**EXERCISE DETAILS**
Retype all the entries word for word, but omit the pictures.

**DATA SECTION**
•••••
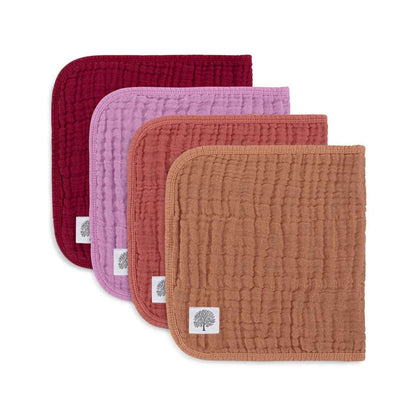 Rose Set - Muslin Burp Cloths (4 Pack) by Parker Baby Co.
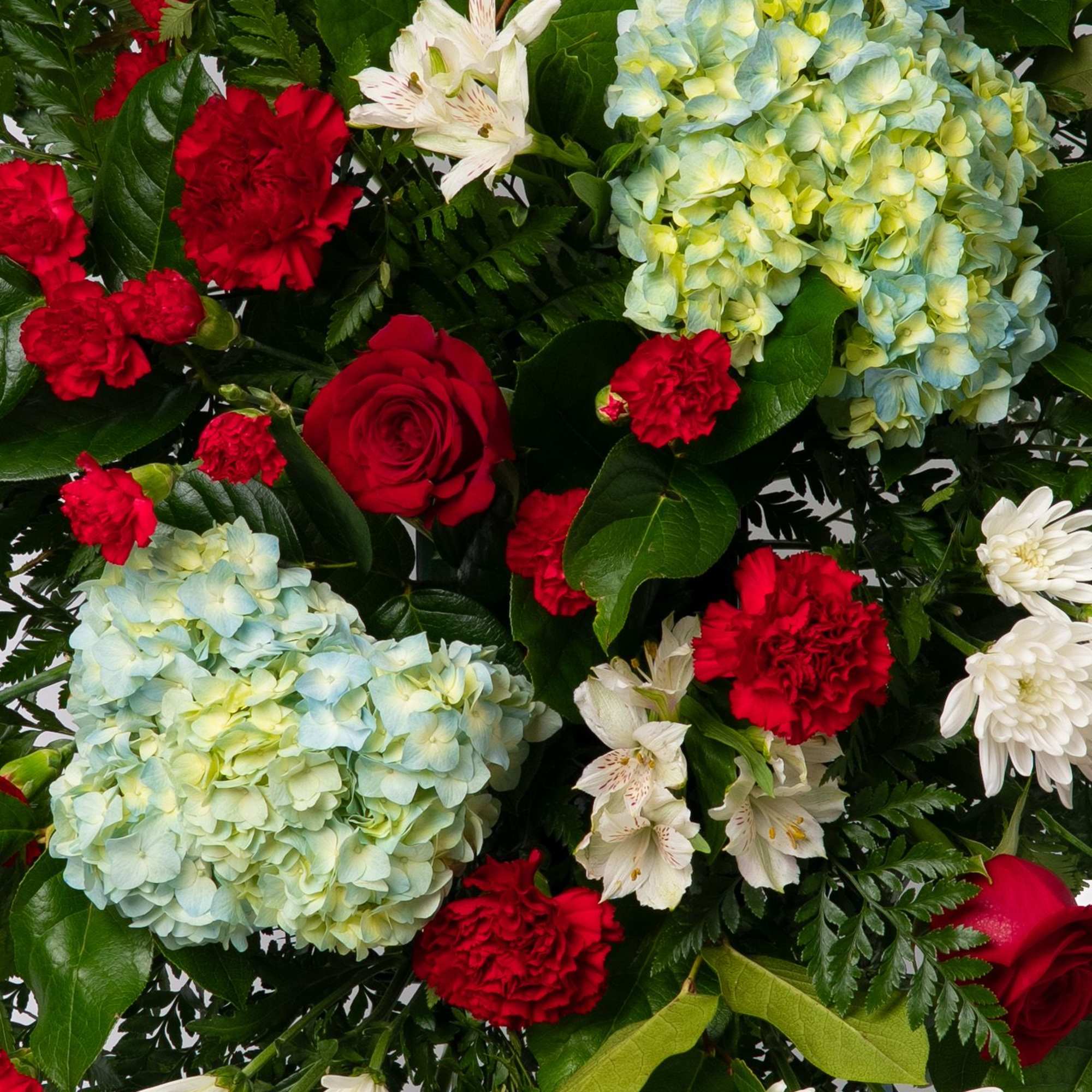 A bold and respectful standing tribute in a patriotic red, white, and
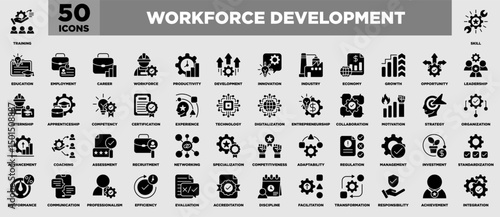 Workforce Development Iconset Glyph Black Solid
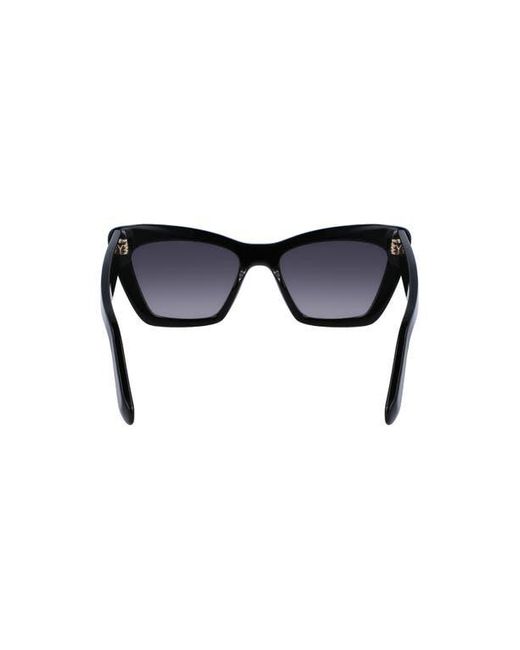 Ferragamo Black 55mm Gradient Rectangular Sunglasses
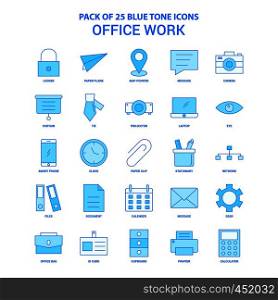 Office work Blue Tone Icon Pack - 25 Icon Sets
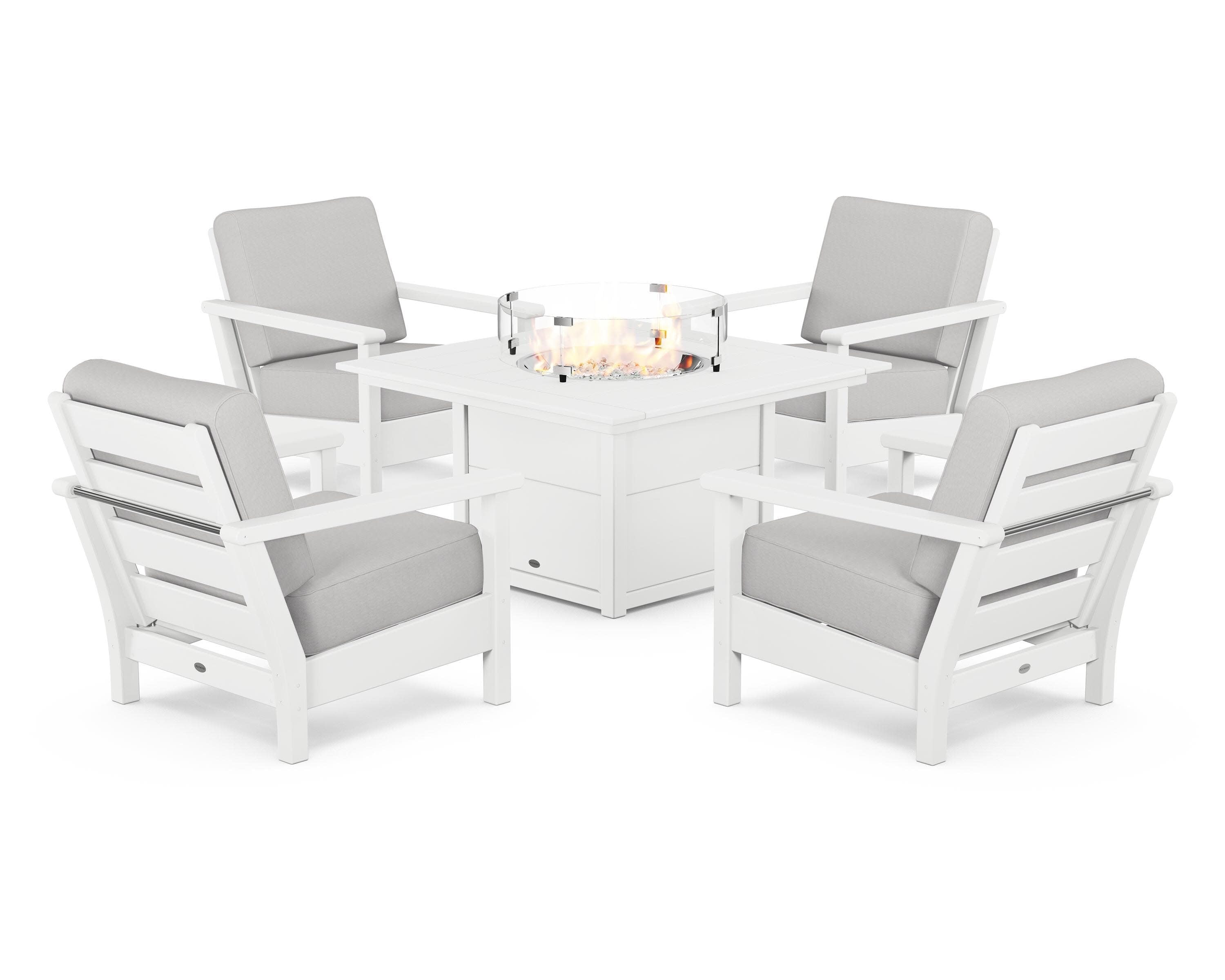 Harbour 5-Piece Conversation Set with Fire Pit Table in White / Diamond in the Rough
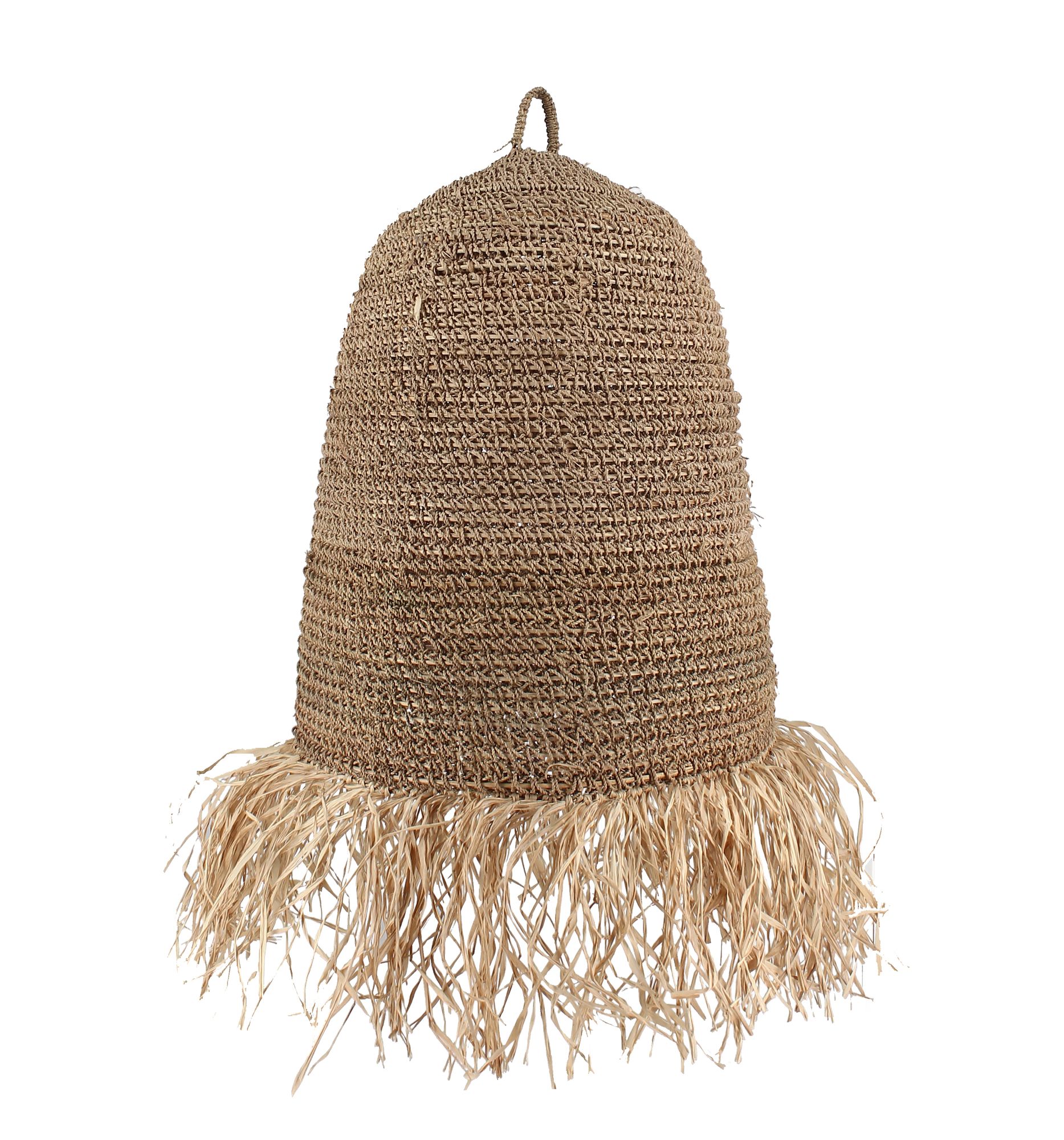 Cache-ampoule en fibres végétales avec franges (photo) Cache-ampoule en fibres végétales avec franges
•••••
**TASK SOLUTION**
 Rose Set - Muslin Burp Cloths (4 Pack) by Parker Baby Co.
 A bold and respectful standing tribute in a patriotic red, white, and
 Workforce Development Iconset Glyph Black Solid
 Ferragamo Black 55mm Gradient Rectangular Sunglasses
 Office work Blue Tone Icon Pack - 25 Icon Sets
 Harbour 5-Piece Conversation Set with Fire Pit Table in White / Diamond in the Rough
 Cache-ampoule en fibres végétales avec franges (photo) Cache-ampoule en fibres végétales avec franges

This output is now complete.